A.A. Lim1, M.H. Johnson2 and M.L. Day1, 1Department of Physiology and Institute for Biomedical Research, University of Sydney, N.S.W. 2006, Australia and 2Department of Anatomy, University of Cambridge, CB2 3DY, United Kingdom.

The circadian rhythm of the suprachiasmatic nucleus (SCN) of the brain is entrained by light. Upon input of light, the circadian rhythm is generated as follows: the transcription factors CLOCK and BMAL1 heterodimerise to upregulate transcription of the genes Per1-3 and Cry1-2. PER and CRY proteins heterodimerise, then translocate to the nucleus where they down-regulate CLOCK/BMAL1 activity. This reduces Per and Cry transcription and PER and CRY decay, releasing the inhibition on BMAL1. Eventually BMAL1 levels increase, initiating the next 24 h cycle of transcription. The circadian clock in the SCN coordinates circadian clocks in peripheral tissues (Reppert & Weaver, 2002). In the female reproductive tract and embryo, timers control when developmental events occur (Johnson & Day, 2000). It is possible that the circadian clock acts as one such timer as we have shown that the circadian genes, Per1-3, Cry1-2, Bmal1 and Clock, are expressed in the female reproductive tract (uteri and oviducts) and in preimplantation embryos of the mouse (Johnson et al., 2002). To determine whether a circadian clock exists in the uterus, we have quantified mRNA using real-time PCR.

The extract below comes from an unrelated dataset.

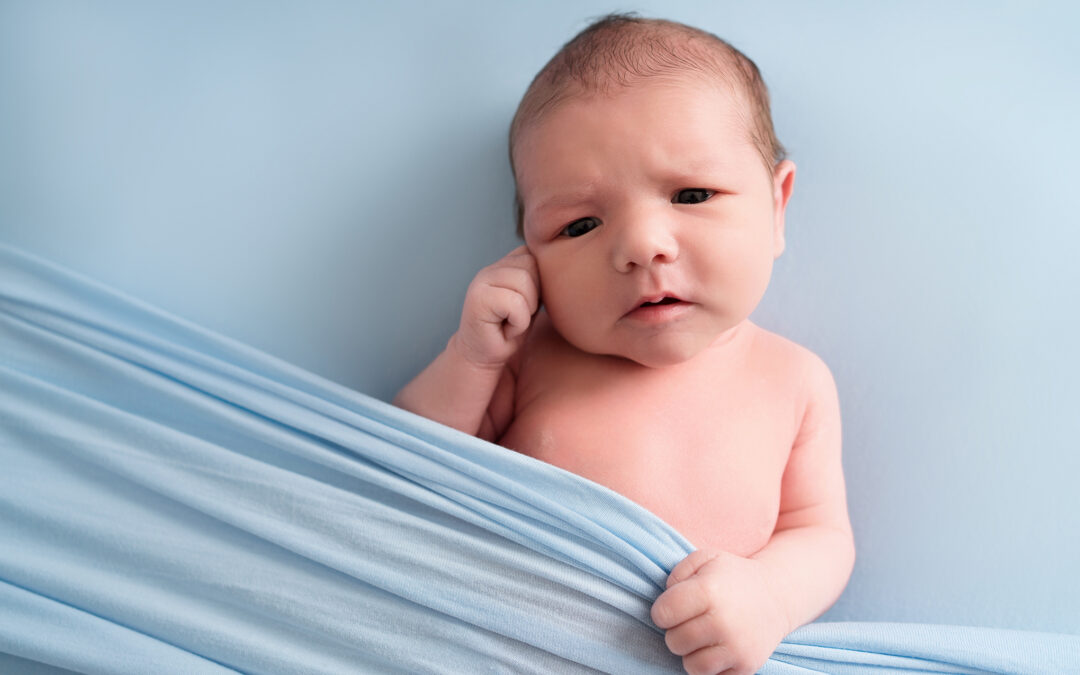 Baby boy on a blue blanket taken by Alice James Photography, newborn photographer Knebworth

Female MF1 mice were housed on a 12/12 h light/dark cycle. Liver and uterine tissues were obtained from mice euthanised by cervical dislocation at circadian times 0, 4, 8, 12, 16 and 20 of the proestrous, oestrous and dioestrous periods of the oestrous cycle. Whole tissues were snap frozen in liquid nitrogen and total RNA was purified. The RNA concentration was determined by RiboGreen assay, then reverse transcribed to cDNA. Expression of the circadian genes Per2, Cry1, Bmal1 in the cDNA was then quantified by real-time PCR using SYBR Green I. Standard curves were run for each gene (β-actin, Per2, Cry1, Bmal1) using cDNA. From each standard curve the amount of each gene expressed was calculated and then normalised to β-actin.

Timed liver cDNA samples showed changes in circadian gene expression similar to that in the literature (Lee et al., 2001). This confirmed the use of the real time PCR protocol for use on uterine samples. In uterine cDNA, preliminary results suggest that Per2 and Bmal1 expression change with a circadian rhythm. Further research will determine whether a circadian clock exists in other periods of the oestrous cycle.

Johnson, M. H. & Day, M. L. (2000) BioEssays, 22: 57-63.

Johnson, M. H., Lim, A., Fernando, D. & Day, M. L. (2002) Reproductive BioMedicine Online, 4: 140-145.

Lee, C., Etchegaray, J.-P., Cagampang, F.R.A., Loudon, A.S.I. & Reppert, S M. (2001) Cell, 107: 855-867.

Reppert, S.M. & Weaver, D.R. (2002) Coordination of circadian timing in mammals. Nature, 418: 935-941.